Your company's Web site is drawing more visitors than ever expected, and it won't be long before traffic slows to a crawl if you don't do something about it. You only have a few weeks to figure out which type of cache implementation will work best for your network and decide what to buy.
Research projects such as this one can be daunting, but there are many ways to find new products and technologies. We asked network professionals and research experts to share their tips and techniques for sifting through reams of data and extracting the kernel of information they're seeking.
Besides reading trade publications such as Network World and scanning Network World Fusion, folks recommend exploring the Web and reading daily newsletters.
Yet net executives and analysts say the best research is accomplished by talking to peers and trusted vendors. This is how you get the inside scoop on the proven performers.
"Most people are very proud of their solutions and simply love to tell you about it," says Garren Shannon, systems and programming manager for Washington State University in Spokane. "Those who have horror stories also love to tell you about them."
Vendor-sponsored seminars and trade shows provide a key opportunity for peer networking. Fellow attendees with similar IT needs can tell you how the products they've tried panned out.
If you're researching emerging technology, the Internet is the place to go. The only problem is the sheer volume. A few years ago, a basic search would reveal 10 to 20 links. Today you get upward of 3,000.
Some people keep looking until they find what they want. But others say before searching it's best to think about the topic, define the goal and scope, confirm known data and then use keywords to broaden the search.
Try several search engines, such as AltaVista, Lycos, Northern Light and Yahoo, and use the search tools on individual sites to find text. Look for significant data in the first two paragraphs.
"Software research really wastes time because not one company sells everything," Shannon says. He recommends finding a site that offers good information about lots of applications, as Beverly Hills Software (www.bhs.com) does for Windows NT and 2000. For hardware, Shannon sticks with proven vendors, such as Cisco Systems Inc., Compaq Computer Corp., Dell Computer Corp. and NEC Corp.

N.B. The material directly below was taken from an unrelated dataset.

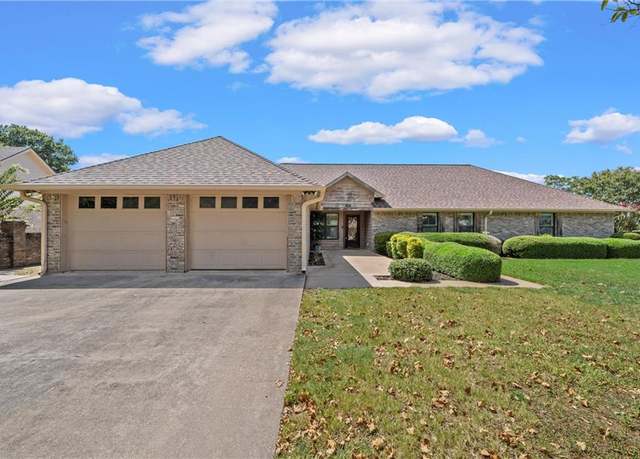 Property at 1505 Jane Ln, West, TX 76691, 4 beds, 3 baths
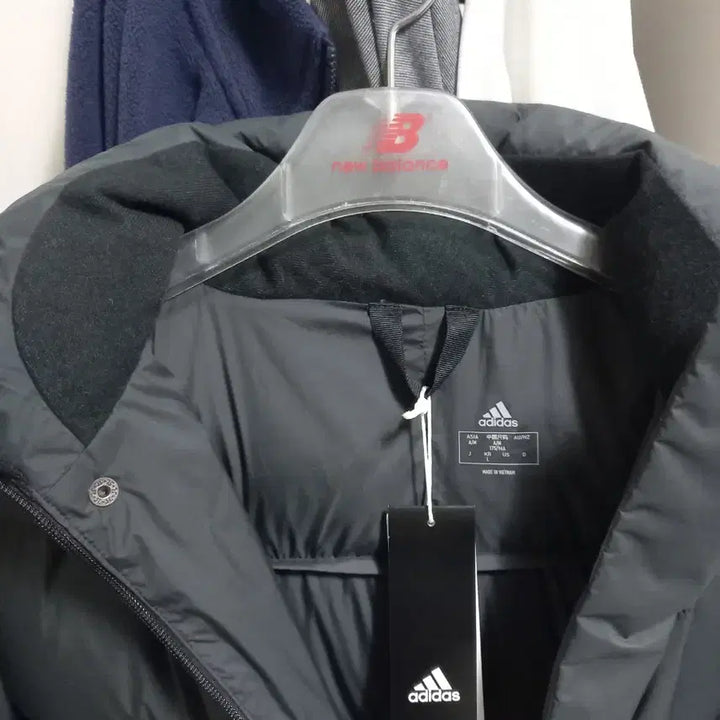 [BUNJANG] Adidas Padded Jacket (L) / 아디다스 패딩 L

Another tip is to search the Web sites of trade organizations and participate in user groups.
"Industry trade organizations are great because you're getting feedback from many different vendors, not just one perspective," says Jason Wright, an analyst with Frost & Sullivan in San Antonio, Texas.
There are groups devoted to almost every specific topic, such as the Computer Security Institute and the System Administration, Networking and Security Institute.
Check a user group for common issues that may affect your use of a given product. But use caution. While you can often get valuable information from discussion forums, the responses could be tainted by lack of experience, technical ability or improper implementation.
Irwin Lazar, an analyst with The Burton Group Corp. in Sterling, Va., reads newsgroups on topics that interest him. "If I have a special requirement, such as to learn something about Microsoft Exchange, I'll sign on to the appropriate list and post a question," he says.
Wright frequently visits the U.S. Security Exchange Commission (SEC) home page at www.sec.gov /index.html to search for a public company's 10-K annual report.
"The SEC 10-K can be taken as gold," he says. "This is the document that companies report to the government, so you know it's very factual."
Even with tenacity and patience, the volume of information required to make enlightened decisions or formulate intelligent questions for vendors is overwhelming. To sort your data, file by topic or project. Save your URL list or organize the data you intend to reuse or recycle within Outlook.
Kevin Kampman, a Burton Group analyst in Springfield, Ohio, saves clippings and Web pages into Lotus Notes for full text search and retrieval.
What works for Richard Howard, systems support branch chief for the U.S. Army in Washington, D.C., is to digest a little information every day from various e-mail newsletters. "It gives me a quick gulp on what is going on in the areas that I'm interested in," Howard says.
David Curle, an analyst with Outsell in Minneapolis, subscribes to several e-mail newsletters, including some from vertical portals or publications. "Many of them I only skim quickly each week, but the advantage is that they come at me; I don't have to go and get them,"he says.
You should also be open to the unexpected.
"Good research is rarely a linear exercise. Allow for departures from the norm, serendipity, and occasional fringe perspectives to inform a larger truth or viewpoint," says Tom Valovic, an analyst at International Data Corp. in Framingham, Mass.